A team of researchers from China’s Jinjiang University and the University of Edinburgh has taught a robot a fundamentally human trait: learning from mistakes through trial and error.
Jeuyjing, the robot dog created for the experiment, uses the memory of real-world experiences to react to external stimuli it encounters. This is a departure from traditional robotics systems which relied on pre-programmed commands and allows for dynamic learned behaviour.
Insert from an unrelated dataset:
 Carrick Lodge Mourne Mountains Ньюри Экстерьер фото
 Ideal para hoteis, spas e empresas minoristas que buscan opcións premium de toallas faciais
The robot dog, whose hardware was developed at Jinjiang University, taught itself to recover and stand up after being pushed over. Ordinarily, a seemingly simple task like this would be carried out by a robot that has hard code fed to it, dictating the precise movements needed to navigate obstacles or, in this case, move its actuators (robot limbs) to stand up. Jeuyjing, however, learns its functions from scenarios the researchers run – essentially learning as it goes by tapping into its memory of similar experiences.
Co-author of the paper discussing Jeuyjing, Zhibin Li, describes the new robotic dog as having being programmed with eight algorithmic ‘experts’. These experts would be responsible for learning complex movement sequences through experience, for example, standing up after being toppled or walking and maintaining balance on a loose or slippery surface.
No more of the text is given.